Incredibly, the author adds his own imaginative impetus to the Bond saga yet preserves all the excitement and eloquence, the pace and glitter of a vintage Fleming novel.

Chapter Listing

  1. A Man in Sunglasses
  2. Into the Wood
  3. Aftermath
  4. Love from Paris
  5. Sun at Night
  6. The Shrine of Athene
  7. Not-So-Safe-House
  8. Council of War
  9. The Altair
  10. Dragon Island
  11. Death by Water
  12. General Incompetence
  13. The Small Window
  14. The Butcher of Kapoudzona
  15. 'Walk, Mister Bond'
  16. The Temporary Captain
  17. In the Drink
  18. The Dragon's Claws
  19. The Theory and Practice of Torture
  20. 'Goodbye, James'
  21. A Man from Moscow

Right: British Pan paperback 1st edition (1970 onwards)

 

Synopsis
M is kidnapped from home, but Bond manages to escape the kidnappers who waited for his arrival. Following a lead to Greece he deliberately walks into the trap set by the beautiful Ariadne Alexandrou, a Greek working for the Reds. The agents team up, with the Soviets worried about a forthcoming 'event'. Meanwhile, the British Head of Station disappears. Bond and Ariadne, who by now are lovers follow a lead to Vrakonisi, a small island off Greece where Chinese agent Colonel Sun Liang-Tan is holding M. Ariadne enlists an old friend, Niko Litsas who wishes revenge on von Richter, a WW2 enemy for his atrocities. Litsas and Bond overpower a guard ship meant to prevent their reaching the island, where a Russian-led peace conference is taking place and Bond fears it will be attacked by the Chinese, with his and M's bodies left nearby so that everyone will presume they were responsible.

Ariadne proves unable to convince Russian General Arenski of the plot, but he sets up a plan to lure Bond which 007 doesn't fall for. Bond then sees Sun and von Richter setting up for their attack on the Russians from Sun's neighbouring house, where they deduce M is being held. They attack by night but are captured. Sun then viciously tortures Bond in preparation for dumping his body, but one of his disgusted female helpers cuts Bond's bonds without the villain seeing. Bond stabs Sun and frees the others, killing Sun's henchmen and preventing von Richter from firing the mortar enough to hit the conference. Litsas finishes the German off, but Bond finds that Sun has survived the stabbing and now plans to come at Bond with a grenade. Bond reaches safety and finally stabs Sun through the heart.

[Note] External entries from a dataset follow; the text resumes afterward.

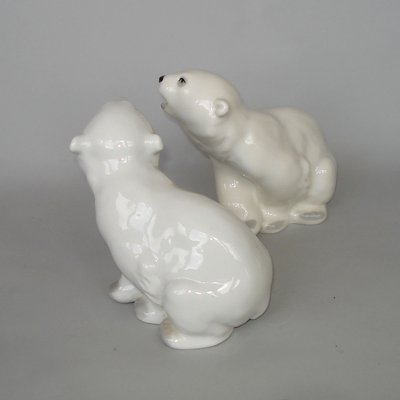 Porcelain Polar Bear and Cubs Sculptures from Lomonosov, 1960s, Set of 3-YGE-703530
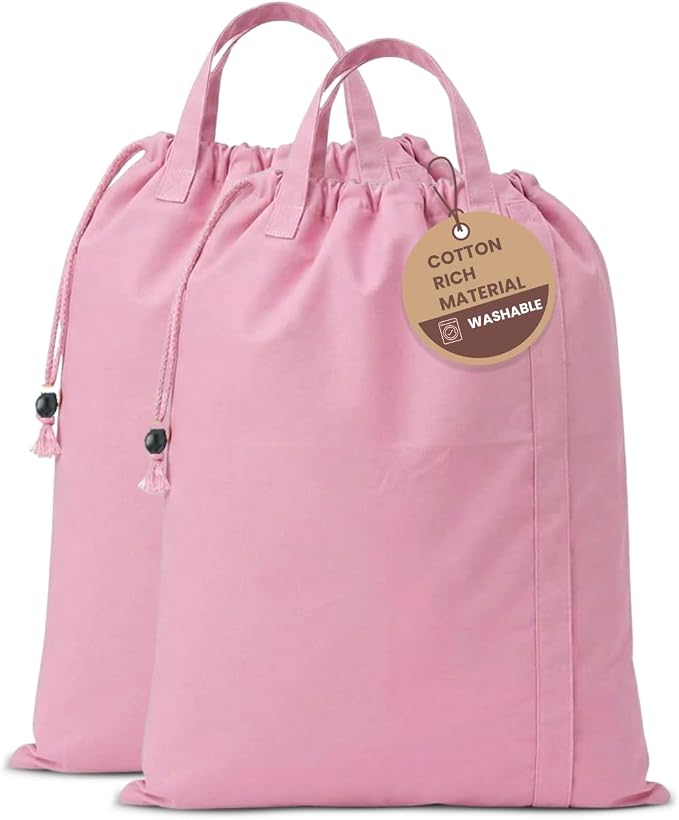 LFH Home Large Premium Cotton Rich Canvas Laundry Bag with Drawstring and Handles Heavy Duty, Multi-Use, Washable for Home, Travel, College or Storage 24x36 (Pack of 2)-Pink by LFHHomePrivateLimited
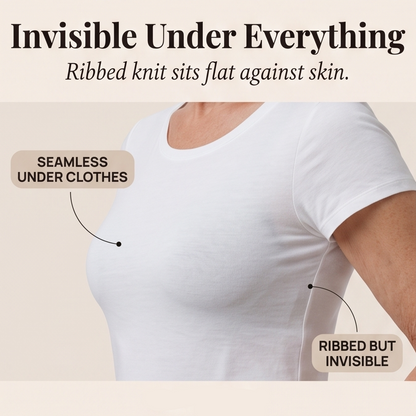 Feature panel of the bra worn under a white tee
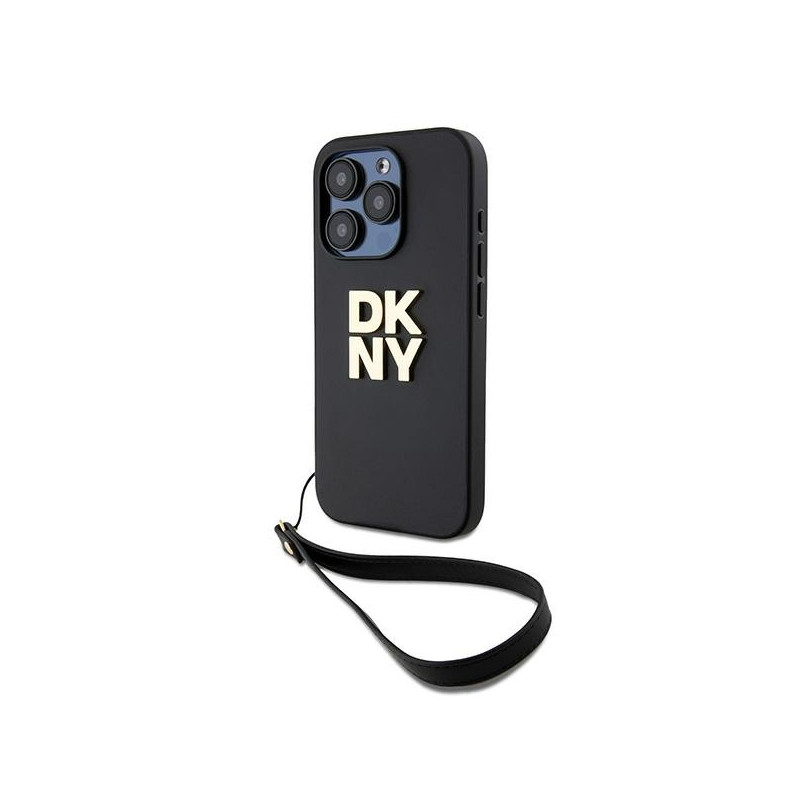 DKNY Wrist Strap Stock Logo dėklas, skirtas iPhone 15 Pro - juodas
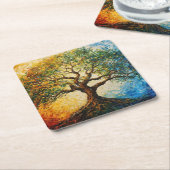 知識の木 – 油彩画 スクエアペーパーコースター (アングル)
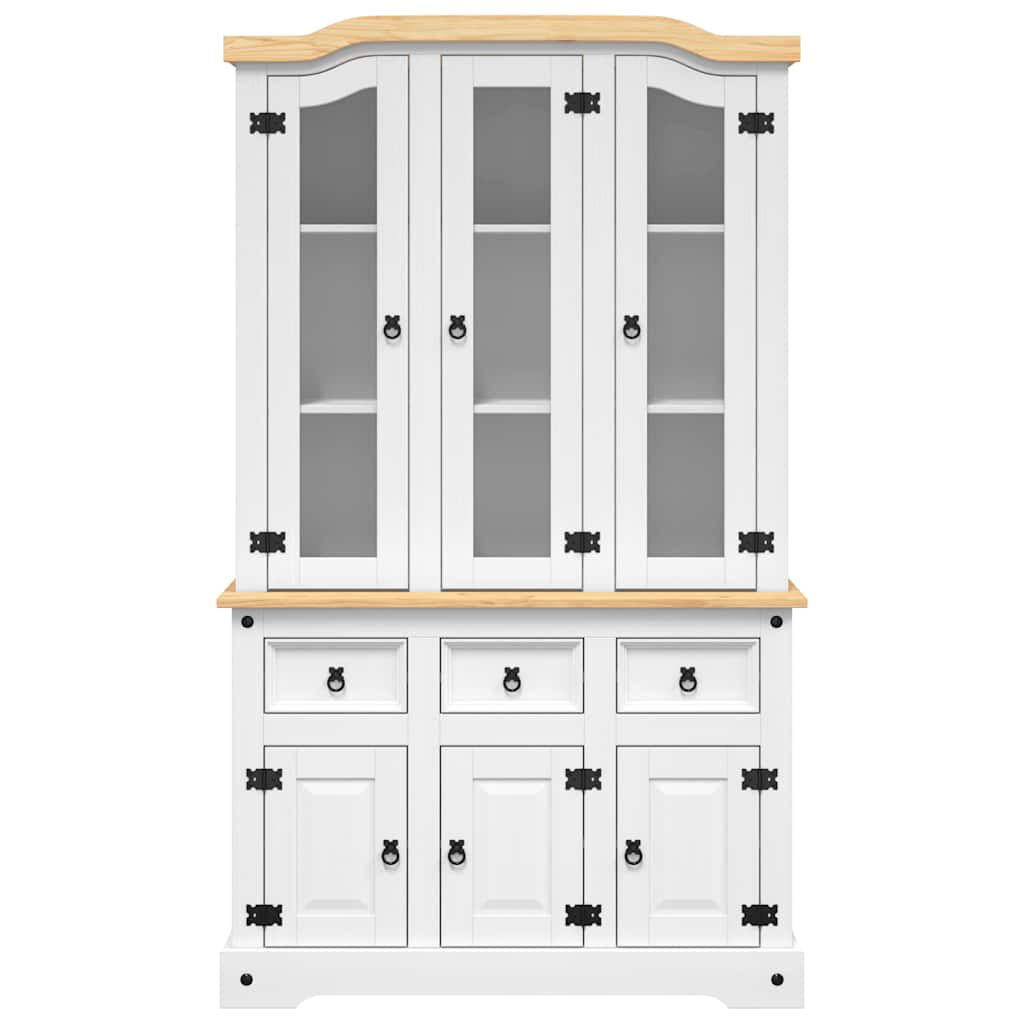 vidaXL Highboard Corona White 112x43x196 cm Solid Wood Mexican Pine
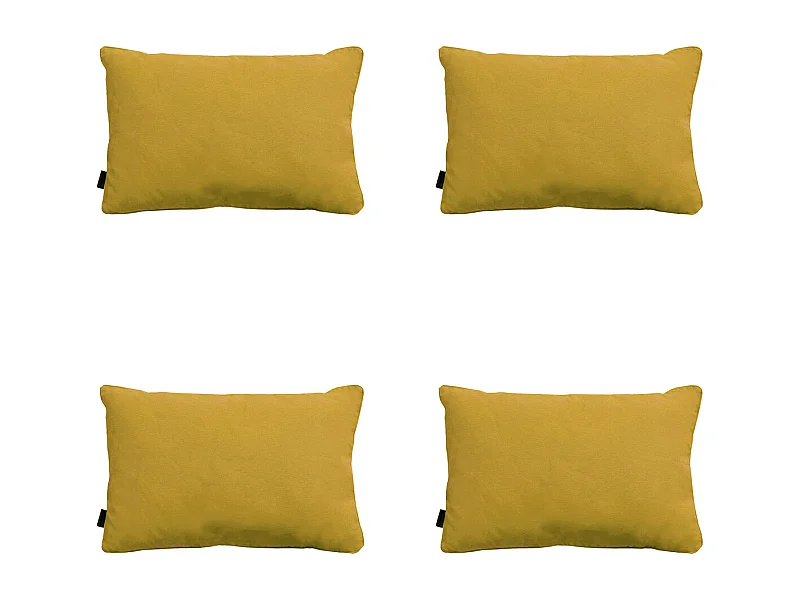 Coussin décoratif Panama moutarde - Env. 40x60 cm - Lot de 4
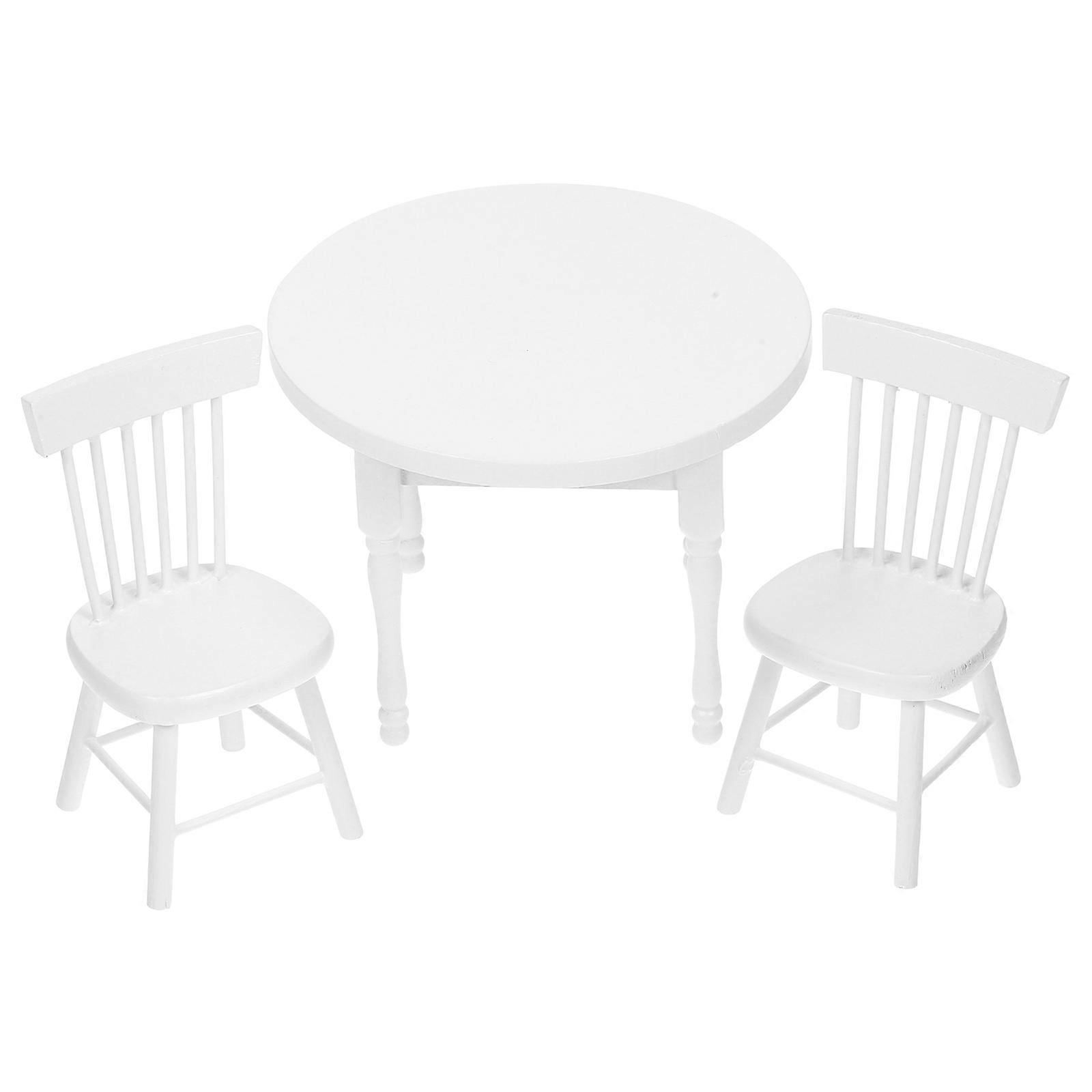 Miniature Furniture Model for Home Use 3Sets White Wooden Dollhouse Chairs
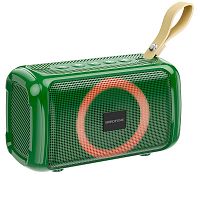 Колонка портативная Borofone BR17, Cool sports, Bluetooth, пластик, FM, TF, AUX, TWS, цвет: тёмный, зелёный (1/12) (6974443380781)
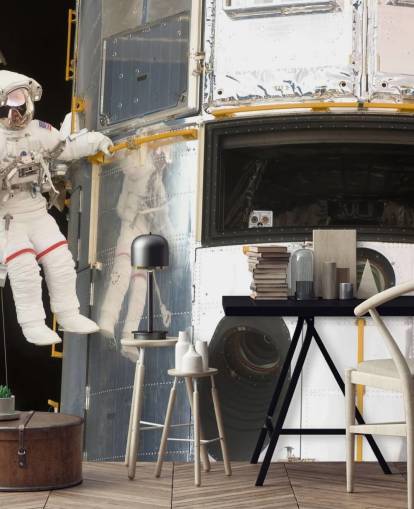 Sair com o mural de papel de parede Hubble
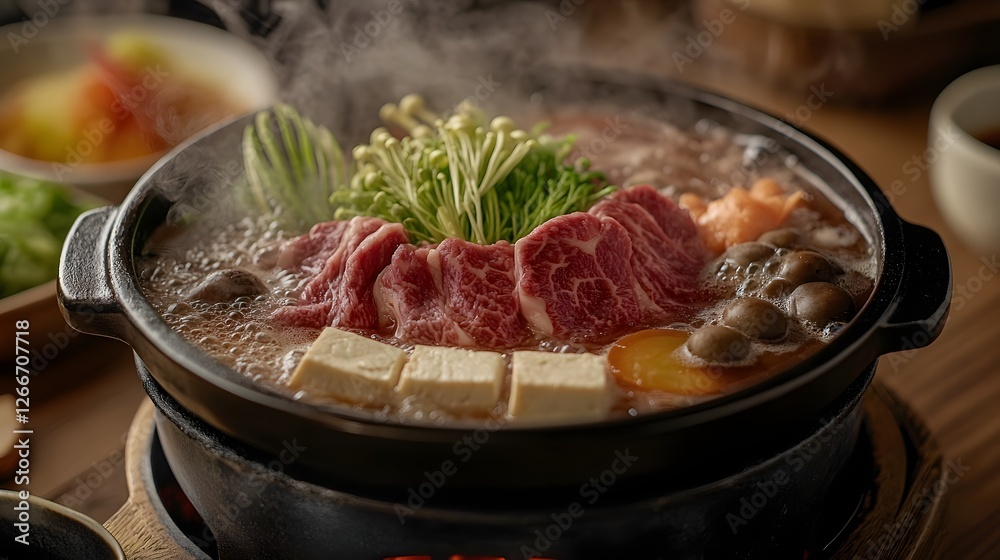 Hyper detailed Wagyu Sukiyaki Simmering in Cast Iron Pot with Traditional Broth and Seasonal Vegetables Hyper detailed Wagyu Sukiyaki Simmering in Cast Iron Pot with Traditional Broth and Seasonal Vegetables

Kingsley Amis Forward (1991 UK Reprint)
"I wrote this book, sidestepping out of my career as a straight novelist for the occasion, because I was asked to do so and because I found the project irresistible."

"When Ian Fleming died in 1964, it was felt that James Bond was too popular a figure to be allowed to follow him. Who was around that might provide a passable successor to the Fleming canon?"

"No doubt I seemed as likely a lad as most. My last novel under my own name had had bits of espionage in it More to the point, I had published in 1965 what was intended as a light-hearted and sympathetic survey of the original thirteen volumes, 'The James Bond Dossier', most of it written before Fleming's death and approved by him in all but three tiny details, which I corrected. And, as I said, I could not wait to try it."

"The best as well as the most believable Bond novel to date" - Cleveland Amory, Cosmopolitan

"First class" - The Daily Telegraph
"All the Bond ingredients are here" - The Evening Standard

 
Above: British Panther paperback 1st edition (1977)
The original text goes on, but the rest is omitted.